Psychological stress and its effects on male fertility.

The modern lifestyle is almost intertwined with psychological stress.

The economic, professional and socio-political conditions inevitably lead to the continuous increase of stress and this fact has caused the scientific community, in recent decades, to investigate its possible impact in the field of male fertility.

Studies have shown that psychological stress is a factor in idiopathic male infertility and has been associated with abnormal basic sperm parameters.

Of course, it must be consindered that it is very difficult, in such studies, to isolate the effect of many other factors that may act simultaneously.

Increased stress causes a disturbance in the levels of reproductive hormones and especially testosterone.

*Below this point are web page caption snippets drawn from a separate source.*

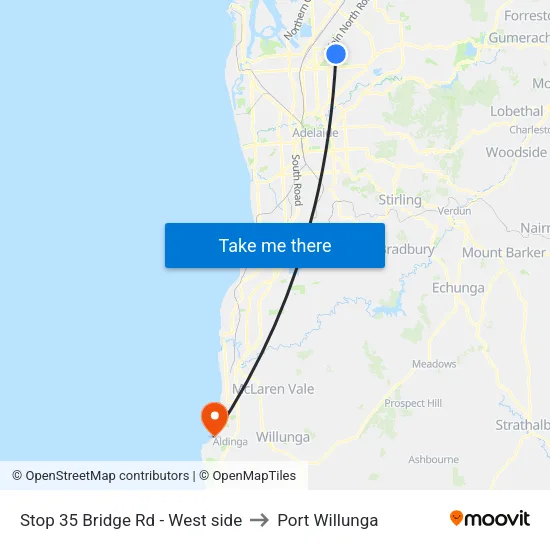 Stop 35 Bridge Rd - West side to Port Willunga map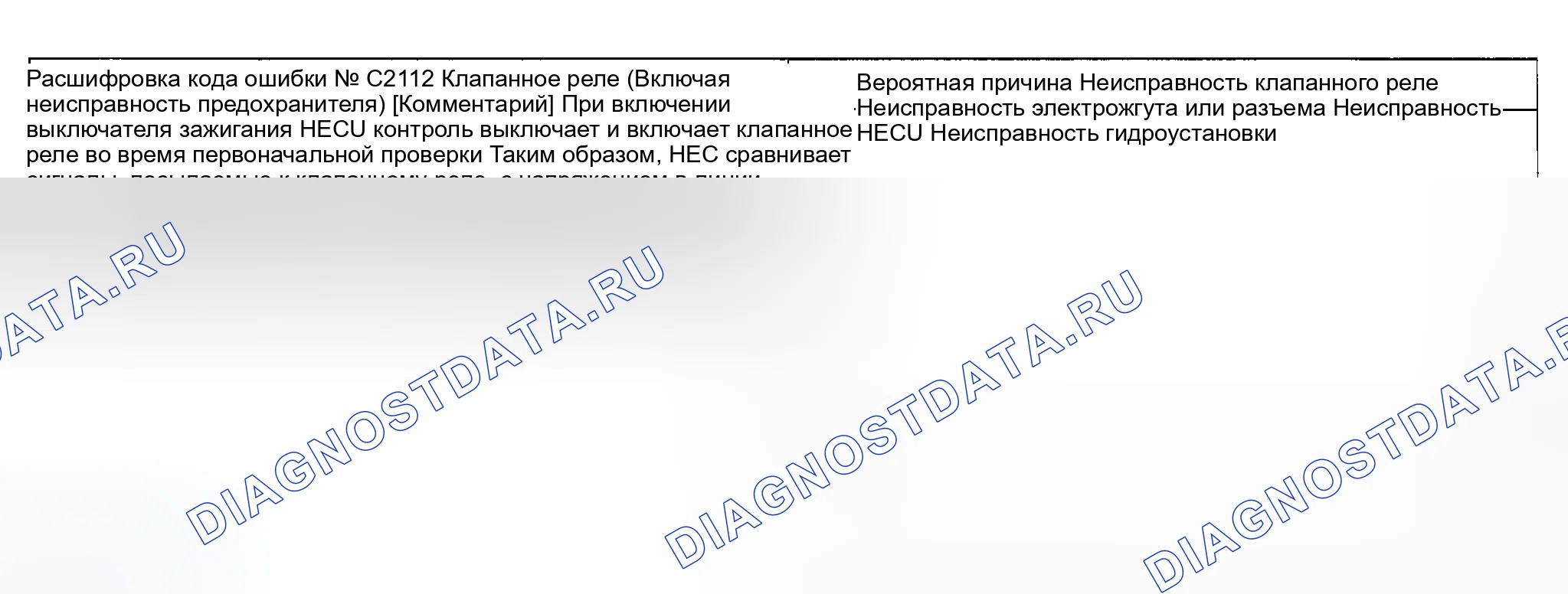Рис. 48: расшифровка кода ошибки C2112: РЕЛЕ КЛАПАНА (ВКЛЮЧАЯ НЕИСПРАВНОСТЬ ПРЕДОХРАНИТЕЛЯ). Kia Magentis I рестайлинг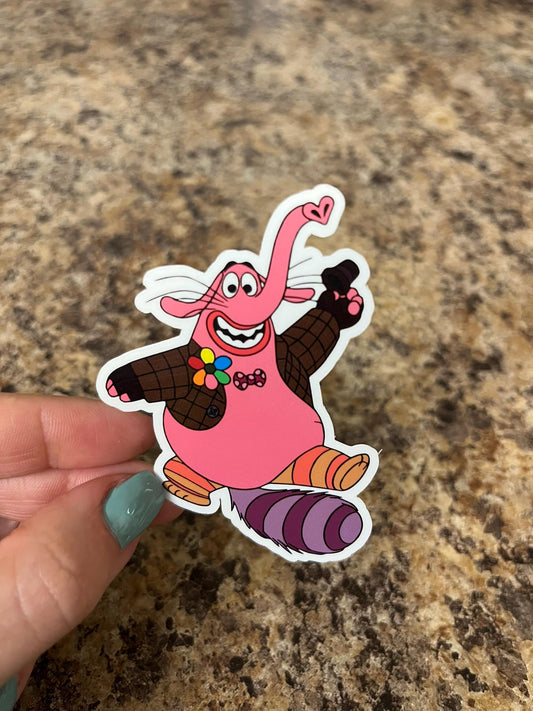 Bing Bong Inside Out Waterproof Vinyl Sticker Cute Cartoon Elephant Sticker for Laptop Water Bottle Planner Gift Imaginary Friend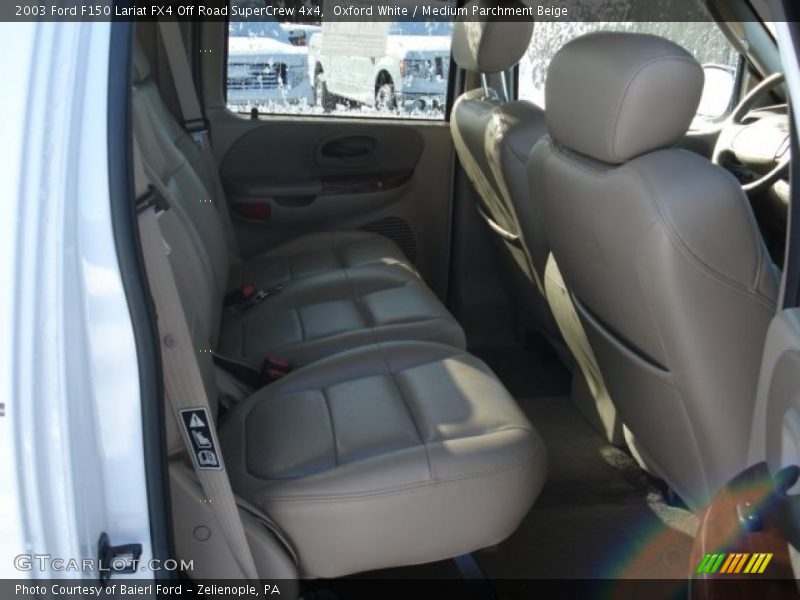 Oxford White / Medium Parchment Beige 2003 Ford F150 Lariat FX4 Off Road SuperCrew 4x4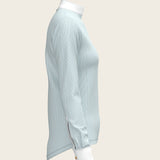 Stripes in Skyblue Short Zip Long Sleeve Show Shirt - Espoir Equestrian - Equiluxe Tack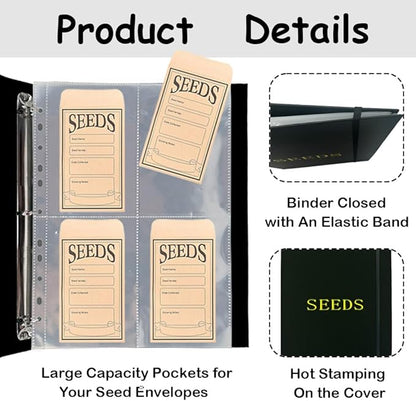 Seed Storage Organizer Binder,3 Ring Seed Packet Organizer with 100 Pockets(25 Pack Clear Sheet Protectors), Garden Seed Holder Book for Envelopes, Seed Keeper, Black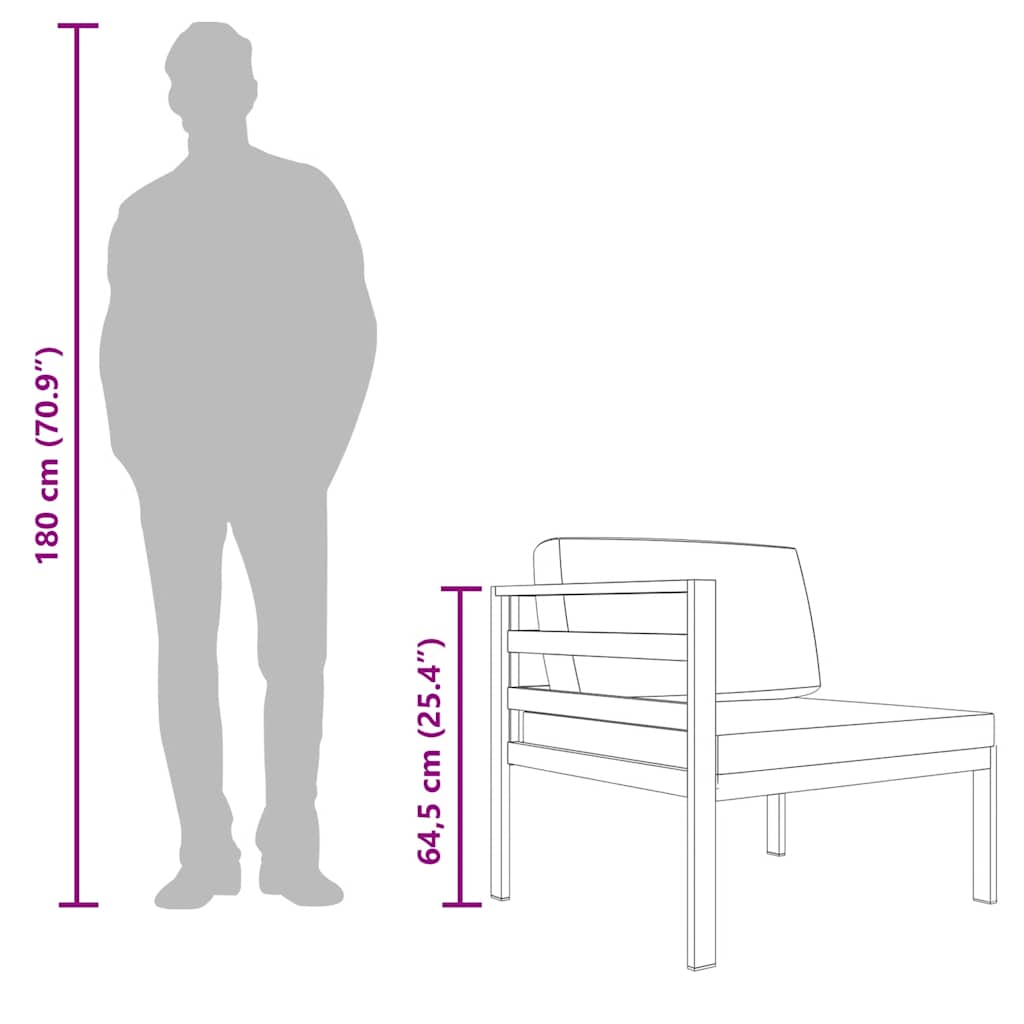Hjørnemodul Til Sofa Med Hynder 1 Stk. Aluminium Antracitgrå - Billede 17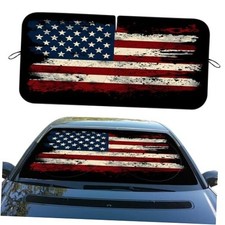 Patriotic Car Windshield Sunshade Folding, 59x31.5 59"L x 31.5"W American Flag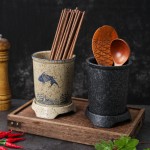 中式陶瓷筷子筒筷子篓面馆大号厨房筷子勺子收纳架收纳盒沥水筷笼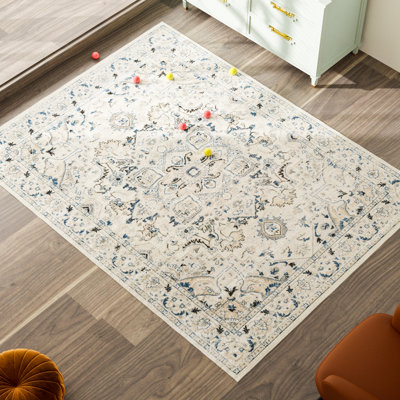 Tapis traditionnel oriental de style oriental en bleu / beige / crème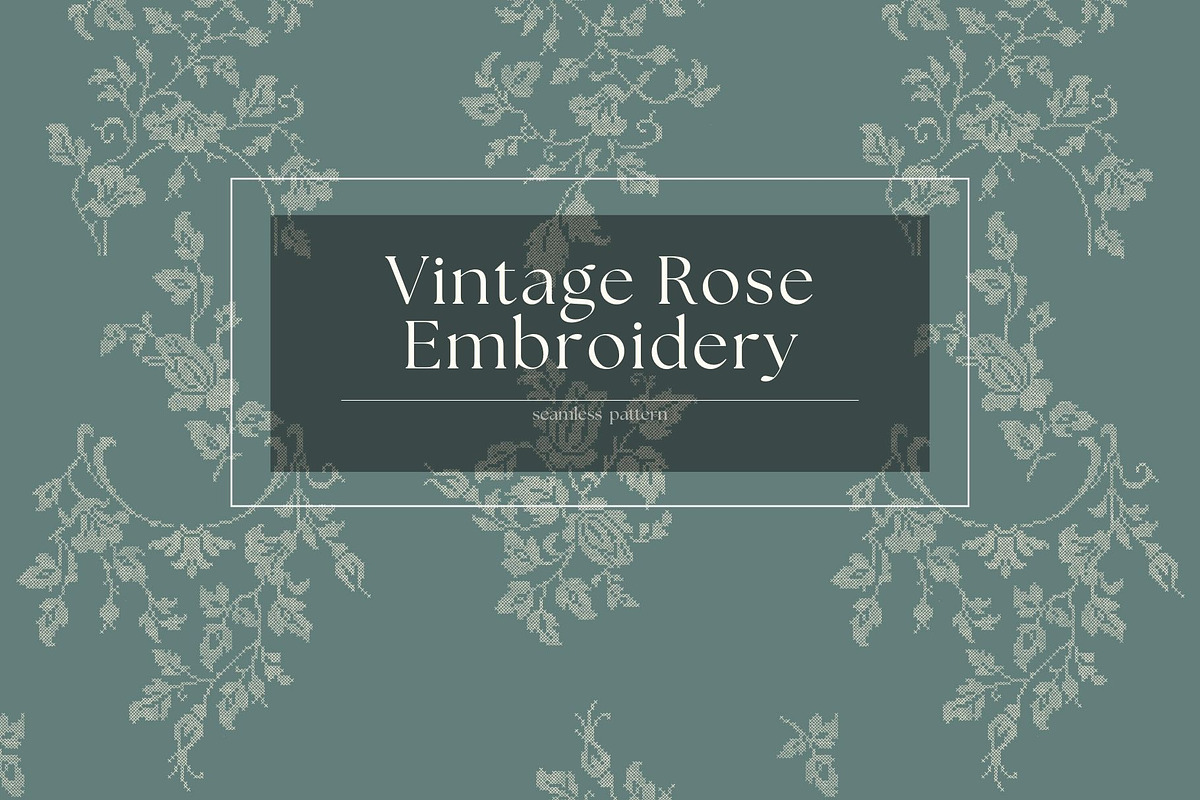 Vintage Rose Embroidery Pattern, a Pattern Graphic by MouseGrey (Photo 1 of 7)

 It increases cortisol, epinephrine and norepinephrine levels and can also cause an increase in free oxygen radicals (ROS) in the testes. It is possible that an inflammatory reaction is also activated. As a result, the function of the Leydig cells is disturbed, resulting in a decrease in testosterone (not necessarily also LH)

When stress becomes chronic, the decrease can be seen in both gonadotrophins and GnRH levels.

Sometimes when stress management with practices that focus on the mind and/or the body (e.g. cognitive behavioral therapy, yoga) do not bring immediate desired results, psychotropic drugs are used.

In modern times, the percentage of young men receiving medication to manage psychological stress appears to have increased. Psychotropic drugs, however, prove to be not 'innocent' for sperm and sexual function as a whole.

The most common classes of psychotropic drugs are:

  • Selective Serotonin Reuptake Inhibitors (SSRI'S, Citalopram, Fluoxetine, Paroxetine, Fluvoxamine, Sertraline, Excitalopram): a negative correlation has been found with sperm count, motility and possibly sperm morphology. There is also evidence that they cause an increase in sperm DNA fragmentation (DNAFragmentationIndex), a decrease in libido and ejaculation dysfunction
  • Tricyclic antidepressants (imipramine, amitriptyline, nortriptyline, chlorimipramine, doxepin): potentially negative effect on sperm volume as well as sperm motility. They can also cause a decrease in libido, erectile dysfunction and ejaculation dysfunction.

In conclusion, managing stress can help improve a man's fertility. However, when medical treatment is necessary, it should only be done under the guidance of a doctor and with preventive checks of the sperm during the treatment.